Exercise description →
Would you transcribe the whole listing exactly and drop its images?

Exercise data →
□ □ □ □ □ □ □

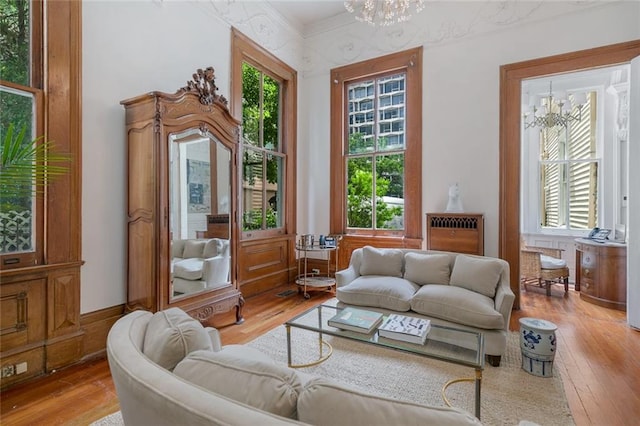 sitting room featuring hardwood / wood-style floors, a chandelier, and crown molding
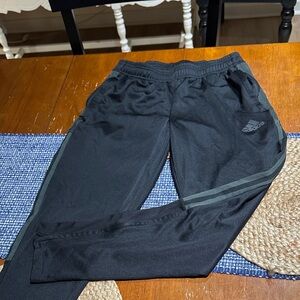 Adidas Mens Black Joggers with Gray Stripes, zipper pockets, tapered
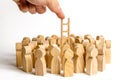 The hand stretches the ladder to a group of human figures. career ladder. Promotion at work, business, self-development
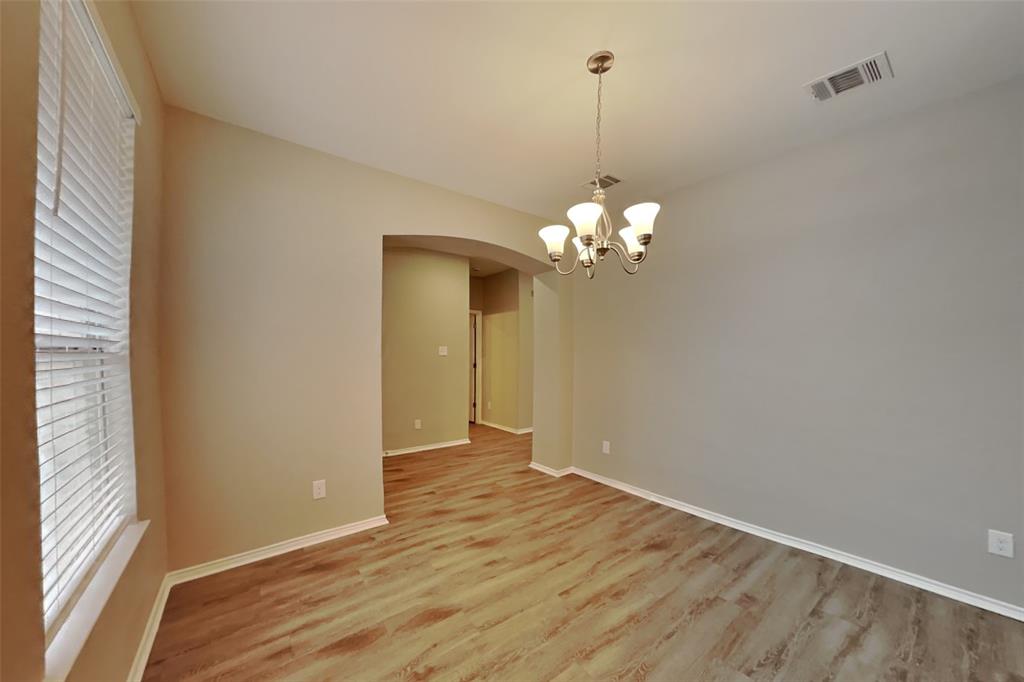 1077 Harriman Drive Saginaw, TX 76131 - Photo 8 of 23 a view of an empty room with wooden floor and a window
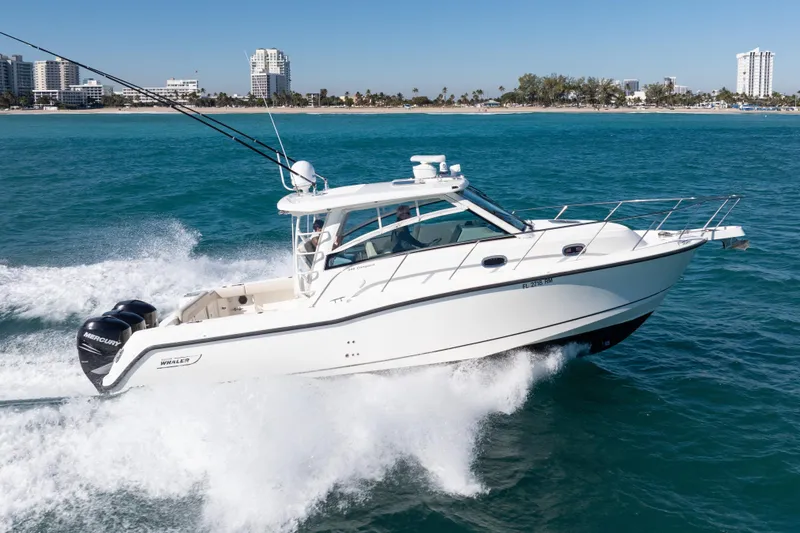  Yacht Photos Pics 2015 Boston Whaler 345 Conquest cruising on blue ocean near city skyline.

□ □ □ □ □ □ □

Result →
 sitting room featuring hardwood / wood-style floors, a chandelier, and crown molding
 Adidas Mens Black Joggers with Gray Stripes, zipper pockets, tapered
 The hand stretches the ladder to a group of human figures. career ladder. Promotion at work, business, self-development
 1077 Harriman Drive Saginaw, TX 76131 - Photo 8 of 23 a view of an empty room with wooden floor and a window
  Yacht Photos Pics 2015 Boston Whaler 345 Conquest cruising on blue ocean near city skyline.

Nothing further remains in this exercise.